Episode 143 of The Informed Life podcast features a conversation with my friend Harry Max. Harry is an executive player-coach with a long trajectory in Silicon Valley. Through his consultancy, Peak Priorities, he helps senior leaders and their teams realize their visions by zeroing in on pragmatic solutions to complex challenges.
And on that note, Harry’s written a new book, called Managing Priorities, that teaches leaders how to do just that. Harry’s approach is grounded in his experience working in leadership positions in companies large and small. He’s formalized it into a model called DEGAP, which stands for
- Decide
- Engage
- Gather
- Arrange
- Prioritize
These steps must be done sequentially, much like mise en place precedes the preparation of a meal. Most of us think of priorities in the context of the last step, but the first four are critical.
Getting to the point where prioritization can happen entails communicating across the organization. In the process, leaders and team members become aligned. In the book (and in our conversation) Harry explained what can happen when teams don’t do this:
Ultimately, I ended up leaving Virtual Vineyards after about two years. Once the system was alive, launched, and stable, the other two founders and I, Robert and Peter, ended up kind of diverging in terms of what our priorities were and how we were approaching building the store, building the business, and building the technology. So, the Virtual Vineyards story goes back to, in some ways, the beginning of a part of the commercialization of the internet.
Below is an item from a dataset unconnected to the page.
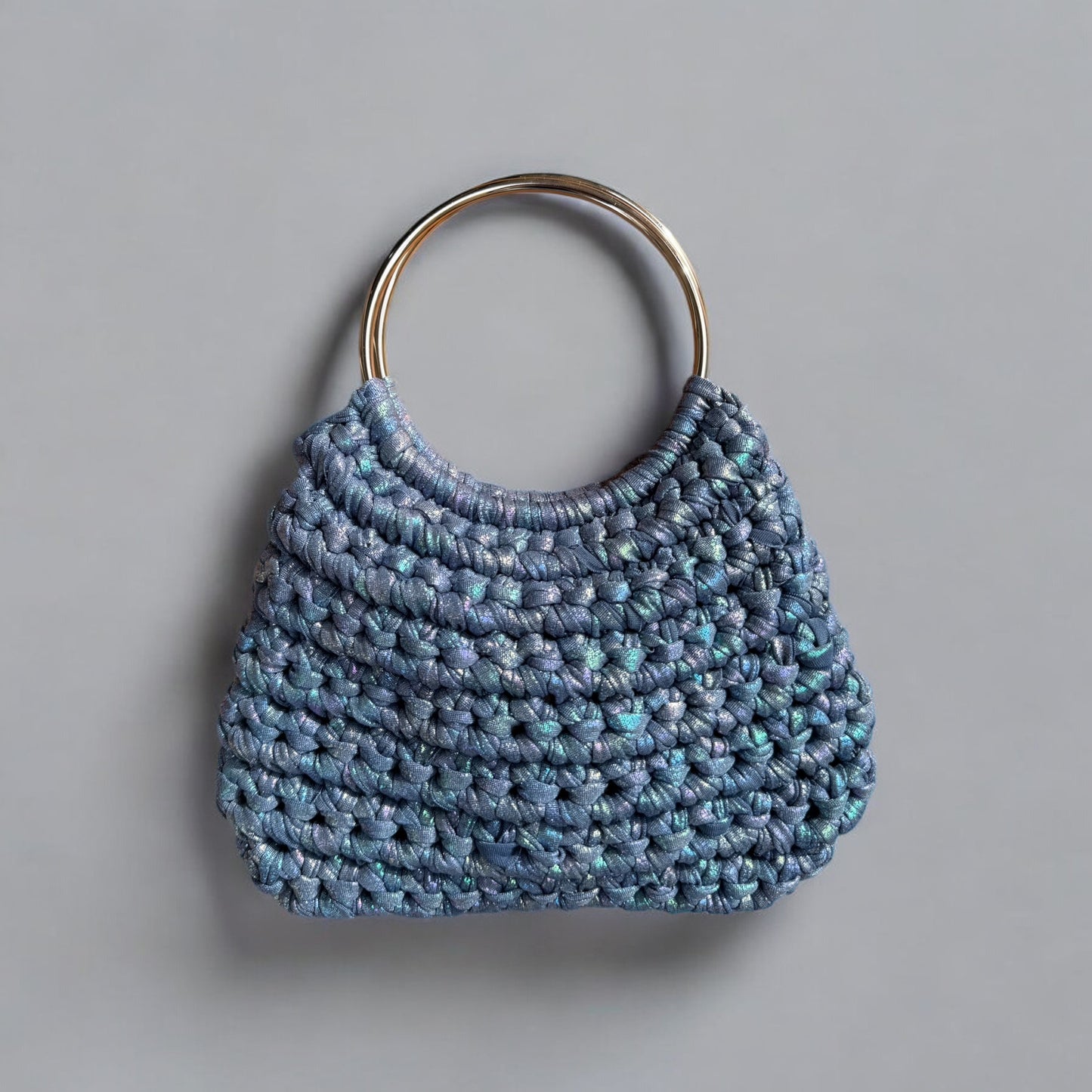 SWAN bag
It looks at what we were trying to do, where we did things well, and how our visions started to come apart and how the priorities that fell out of those differing visions ended up, I think, setting the company on a course to not be what Amazon is today.
Getting aligned is especially important in times of turmoil. Harry experienced one such time when his boss was unexpectedly replaced:
We had literally spent months wrangling all of these priorities across every possible function in this product org to get everything stable so that we could create a predictable, consistent operating model to run the product organization. In a phone call, I knew it was going to be thrown out, and I was the person with the knowledge on the files. I knew what all the items were; they were in giant spreadsheets, right? I was like, “Oh my God, this is going to be crazy.”…
So I got on a plane and flew back. I took the model that we had been using, which was this prioritization pyramid that I invented, which I talk about in the book. It helps unpack the different time horizons of priorities across different major categories of work: new features and capabilities, process automation, experience defects, and so on. I had to realign all of the work we had done in these complicated spreadsheets and get them plugged back into this visual framework so that we could start debating where we were going to make changes. This allowed people to see and understand, “Look, here’s where we were. This is what we had agreed to, this is what we were focused on, and this is what leadership had ratified.”
The process of prioritization brought clarity and alignment, reducing the craziness and stress it entails. Harry’s book is packed with real-world case studies and frameworks that can help you bring alignment and clarity to your team as well.